_DATA EXCERPT:_
+ + +

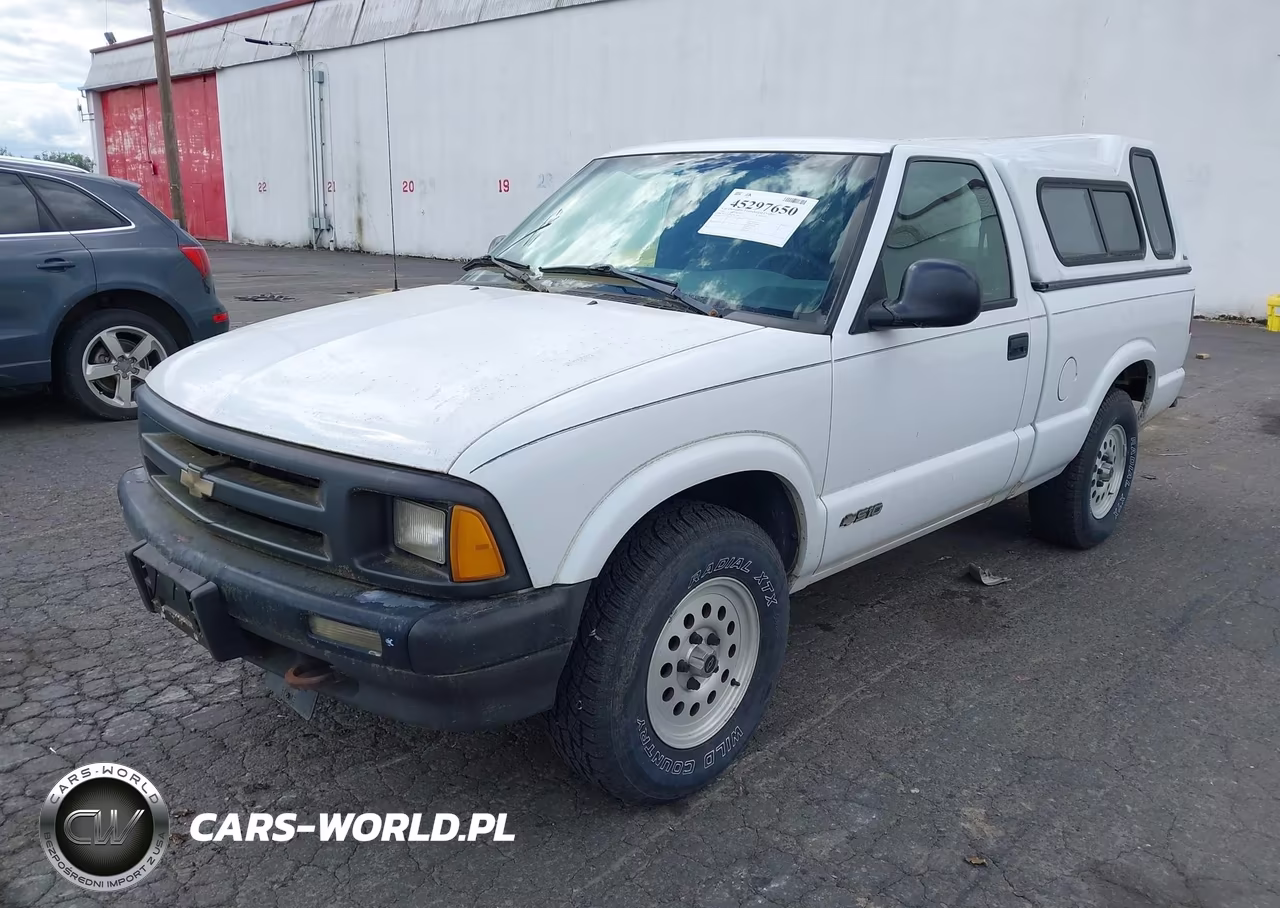 1996 Chevrolet S Truck S10 VIN:1GCDT14X8T8123444 - 2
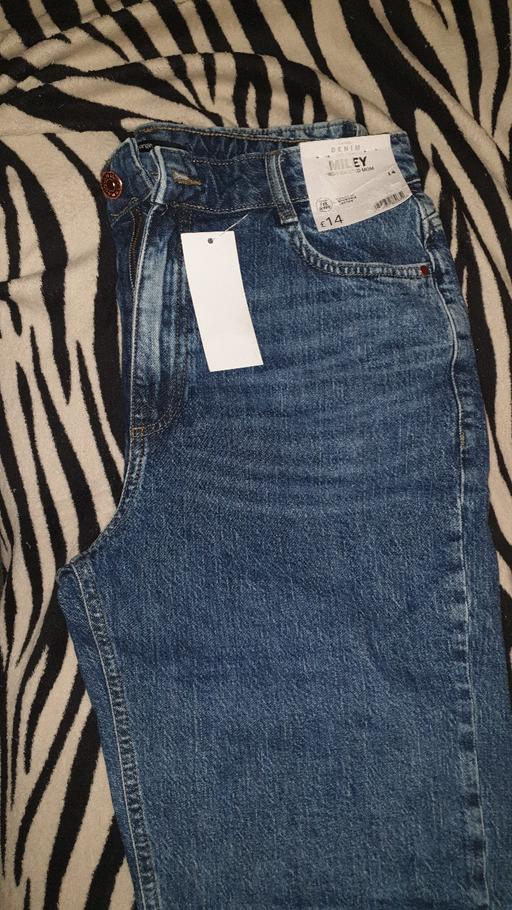 Buy & Sell South East London Surrey Quays - South East London - Photos for BNWT Ladies Jeans Size 14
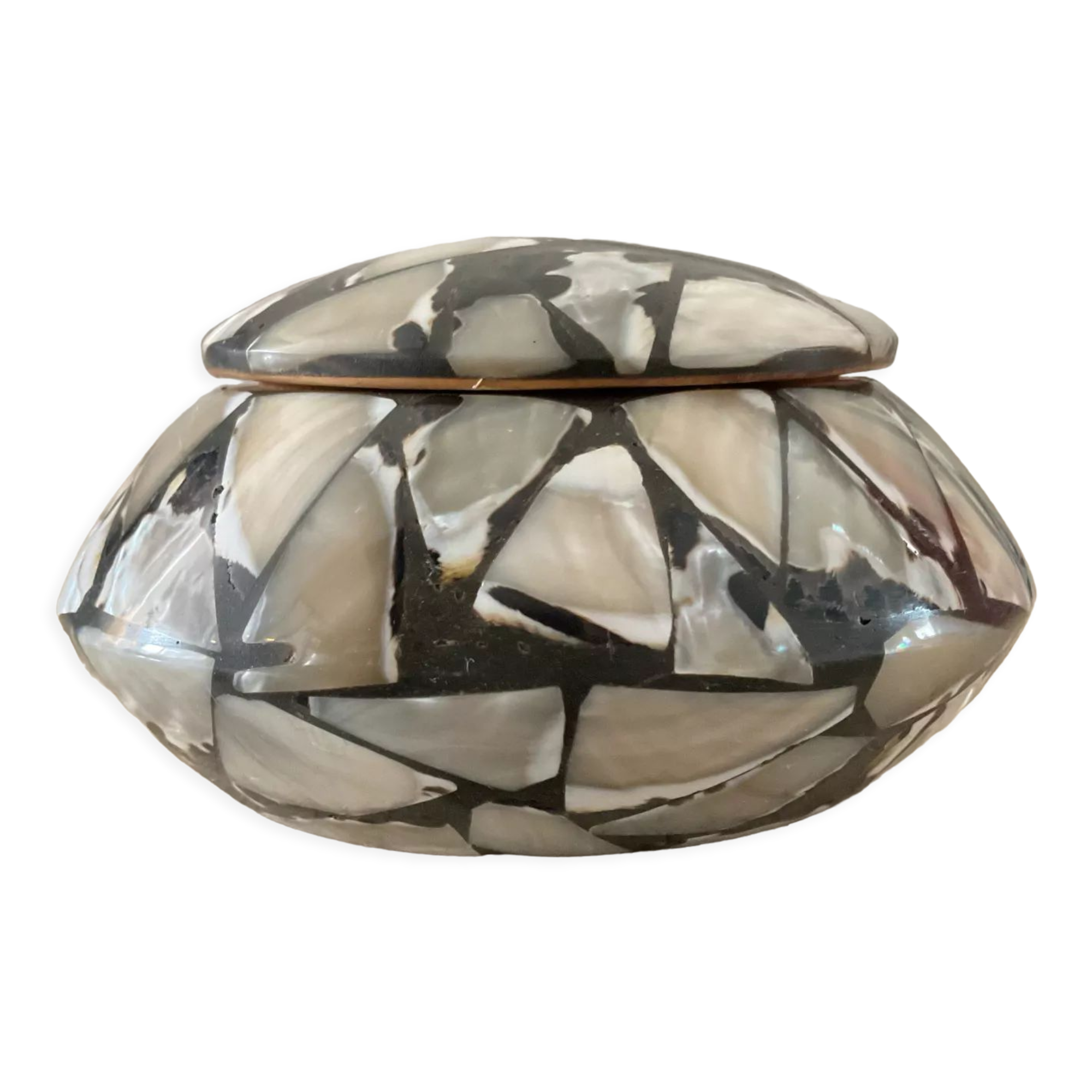 Empty vintage pocket in mother-of-pearl and wood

+ + +

_WHAT YOU SHOULD DO:_
Could you restate the material word for word, skipping any pictures it holds?

_EXERCISE SOLUTION:_
 1996 Chevrolet S Truck S10 VIN:1GCDT14X8T8123444 - 2
 Buy & Sell South East London Surrey Quays - South East London - Photos for BNWT Ladies Jeans Size 14
 Empty vintage pocket in mother-of-pearl and wood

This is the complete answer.